Kyle Larson is doing a lot of leading these days. He's grabbed two wins and five runner-up finishes in the opening 15 Monster Energy Cup Series races. He's led over 700 laps already and following his trip to victory lane at Michigan for the second straight time Larson is back on top of the regular season point standings, where he's been the majority of the year.

The most important thing he's "leading", though, is NASCAR into an uncertain and uncharted future. While the sanctioning body frets over the impending retirement of its biggest star, the 24-year-old California native is poised to lead a new transition. 

"Even with Dale Jr. retiring this year, I think it's a huge opportunity for our sport," Larson said. "Dale Jr. has probably threequarters of our fan base.  You might lose a few thousand of his fans that might disappear.  The rest of them are going to pick new drivers.  I think new rivalries are going to be built.  It's going to bring some excitement back to the racetrack."

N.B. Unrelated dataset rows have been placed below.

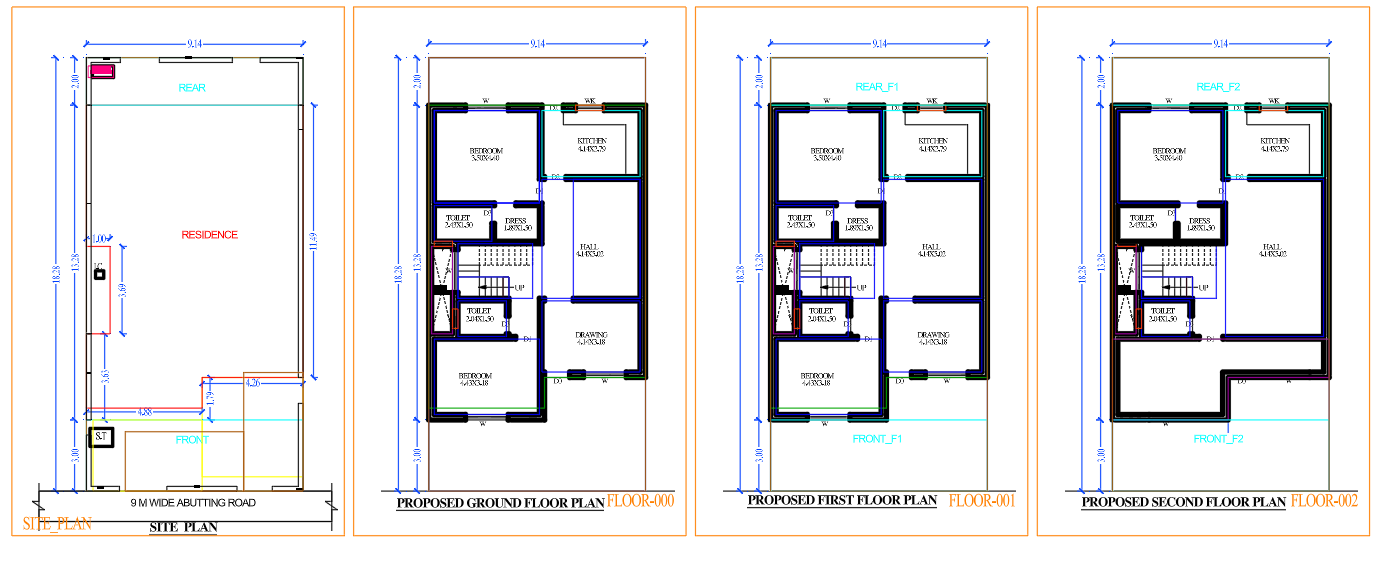 Building submission drawing AutoCAD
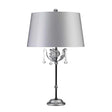 Elstead Lighting - AML-TL-BLK-SIL - Elstead Lighting Table Lamp from the Amarilli range. Amarilli 1 Light Table Lamp Product Code = AML-TL-BLK-SIL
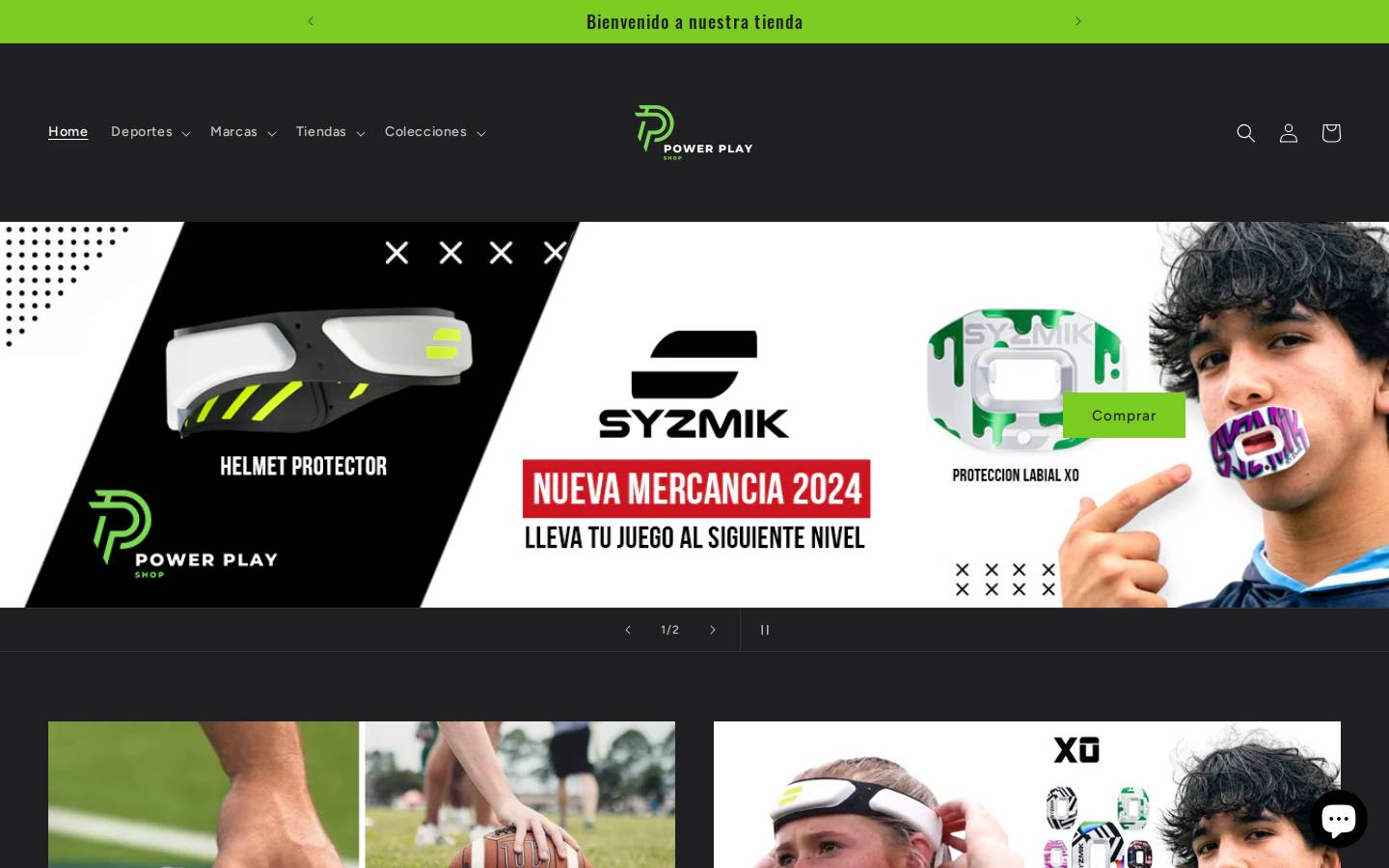 pwrplay.shop homepage screenshot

He also declared, "I'm happy that I seem to be head of that youth movement right now.  With Ryan Blaney getting the win last week, you look at Chase Elliott finishing second, Joey Logano is a veteran, but he's only a couple years older than I am, then Ricky Stenhouse Jr., Austin Dillon, Erik Jones, Daniel Suarez, so many drivers in great equipment right now that are running up front.  I think everybody is kind of nervous about where it's going to be, but I think a lot of us, our fan bases are going to grow as well as NASCAR's fan base."

While that's a great group of young drivers, all well-spoken and talented, there are those in NASCAR who remain uneasy and wonder if these guys can help bring back the sport's glory days. When other Hall of Famers aged out, they always left it in better shape for the new kids coming in.  This is the first time that won't be the case.

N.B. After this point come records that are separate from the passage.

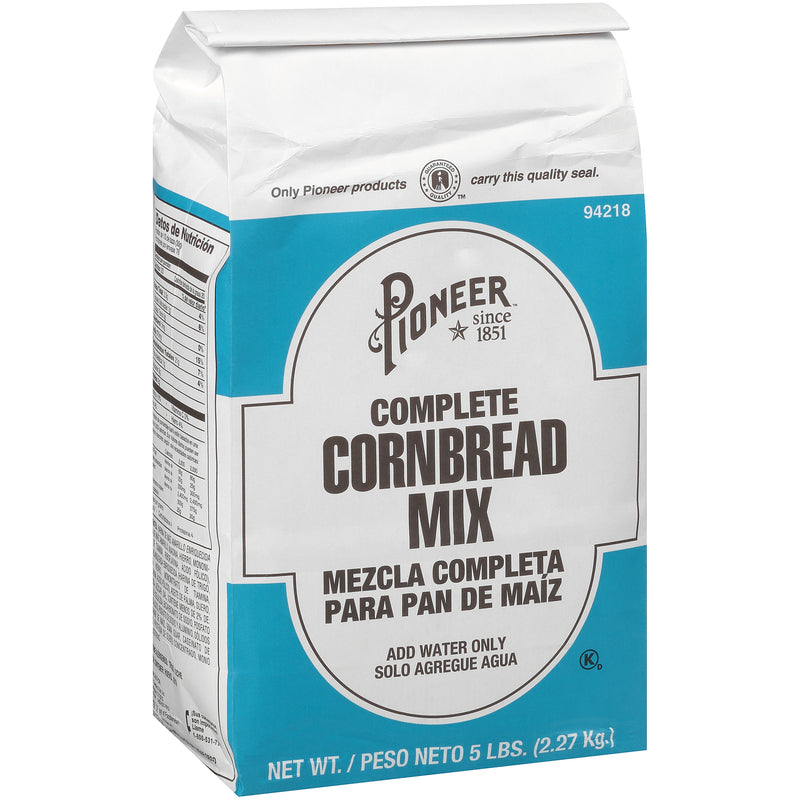 Pioneer Complete Corn Bread Mix 5 Pound Each - 6 Per Case.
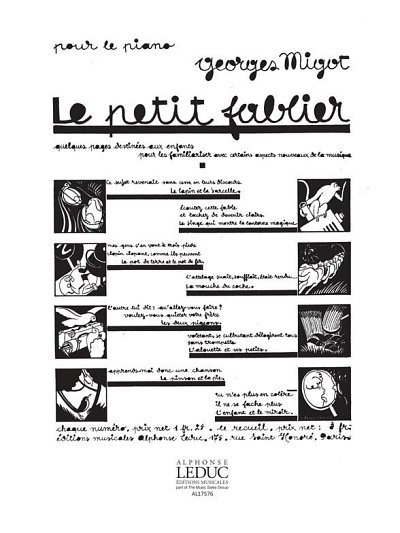 G. Migot: Le Petit Fablier No.8, Klav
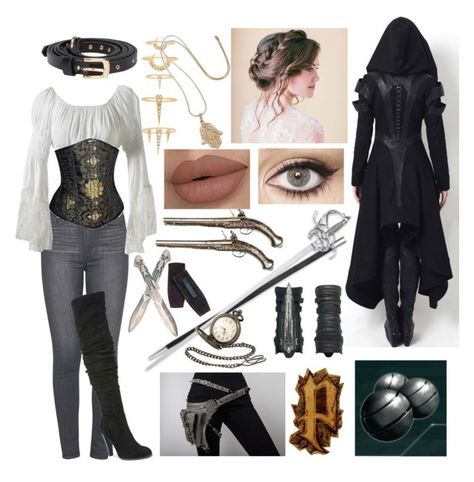 "Assassin's Creed Female Costume #2" by e-sekovanikj ❤ liked on Polyvore featuring Paige Denim, Carlos by Carlos Santana, Luv Aj, Charlotte Tilbury, NOVICA, S.W.O.R.D., Black Pearl and Holster Female Costume, Mode Steampunk, Costume Ideas Women, Badass Outfit, Warrior Outfit, Pirate Outfit, Character Inspired Outfits, Luv Aj, Fandom Outfits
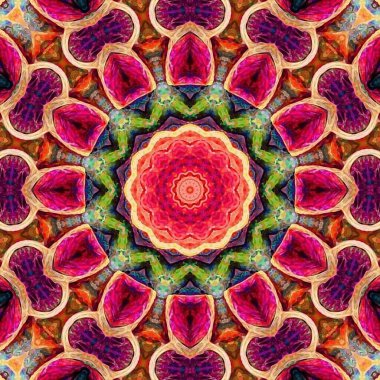 soyut renkli mandala arka plan 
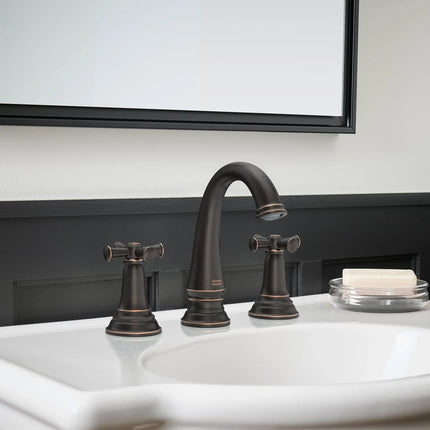 American Standard Delancey 8-Inch Widespread 2-Handle Bathroom Faucet 1.2 gpm/4.5 L/min With Cross Handles 7052827.278 - Plumbing Market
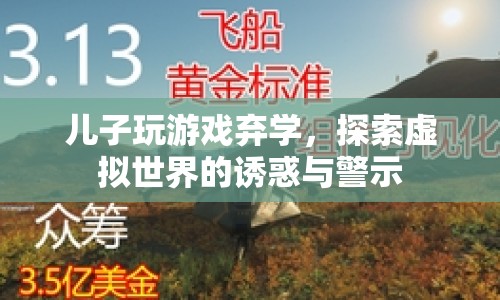 兒子沉迷游戲棄學(xué)，虛擬世界誘惑與警示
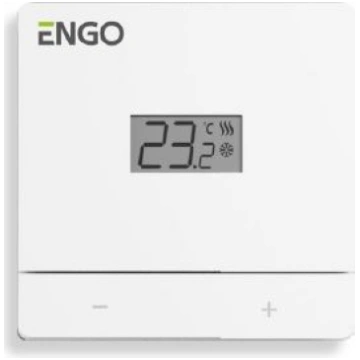 Siemens telpas termostats ENGO, balts, 2xAAA batte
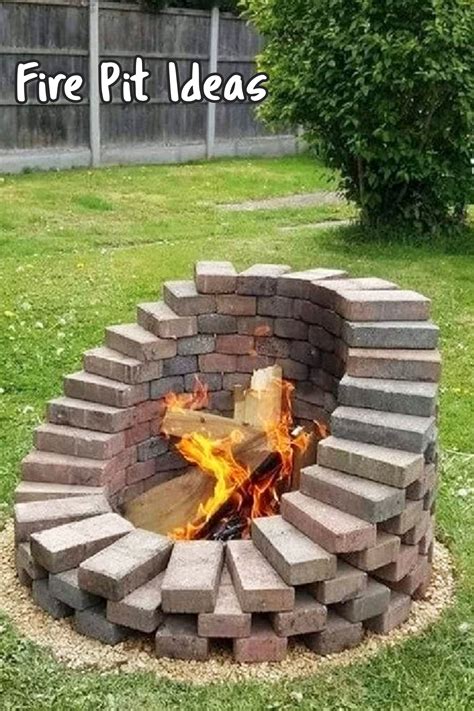 Diy Fire Pit Ideas With Bricks at Kristin Ken blog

The one missing link is something Larson alluded to when he talked about new rivalries being built.  It's easier said than done, but it HAS to happen. We need to give the casual fans and potential new ones a compelling reason to tune in. All the tweaking of the way the races are run or the playoff system can't replace two drivers going after each other the way the late Dale Earnhardt and Geoff Bodine did…or Bobbie Allison and Richard Petty…or Darrell Waltrip and the Intimidator….or Earnhardt and Bill Elliott. 

Larson is a hard racer, but maybe too much of a nice guy to play the bully or shove when it comes time to push.  What we can hope for in that case is for Larson to keep gaining fans, making it unpopular and water cooler talk, when someone willing to wear a black hat tries to knock off the white he's wearing.  Saying the only friends he has at the track are the ones he brings, perhaps Erik Jones is prepared to act the role of villain.

Larson is no longer a future star. He's arrived, preparing to stay up front and be up front in pushing NASCAR back into the limelight. He says he's ready for the challenge and hopefully the likeable Larson is right.   


After his encumbered win at Richmond, in the next five races the average finish for JOEY LOGANO was 27th, making his 3rd place finish at Michigan his first top-5 since April.

CHASE ELLIOTT has now finished second at Michigan three times in a row, which is the closest he's come to winning on the Monster Energy Cup Series in 56 races.

With KYLE LARSON winning the Firekeepers Casino 400, it was only the fourth time in 15 Monster Energy Cup races this season that the driver leading the most laps went on to victory lane.